##### Dataset section

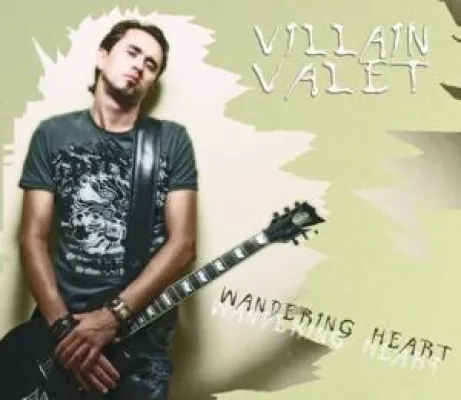 Bild: Villain Valet und sein erster musikalischer Hit: Wandering Heart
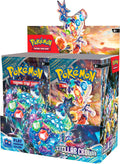 Pokemon TCG - Scarlet & Violet - Stellar Crown - Booster Box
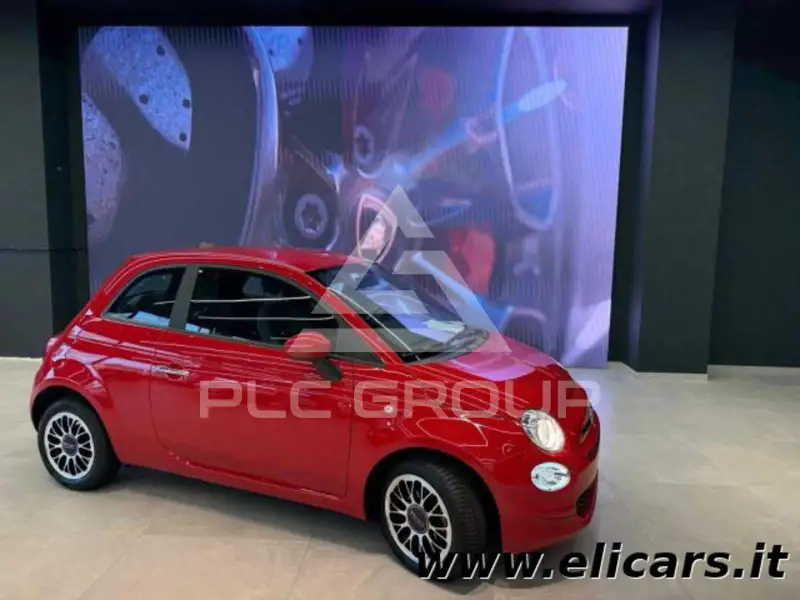 2021 Fiat 500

##########

Exercise details –
Print the entire listing above verbatim. No picture should be included.

Solved exercise –
 Bild: Villain Valet und sein erster musikalischer Hit: Wandering Heart
 Pokemon TCG - Scarlet & Violet - Stellar Crown - Booster Box
 2021 Fiat 500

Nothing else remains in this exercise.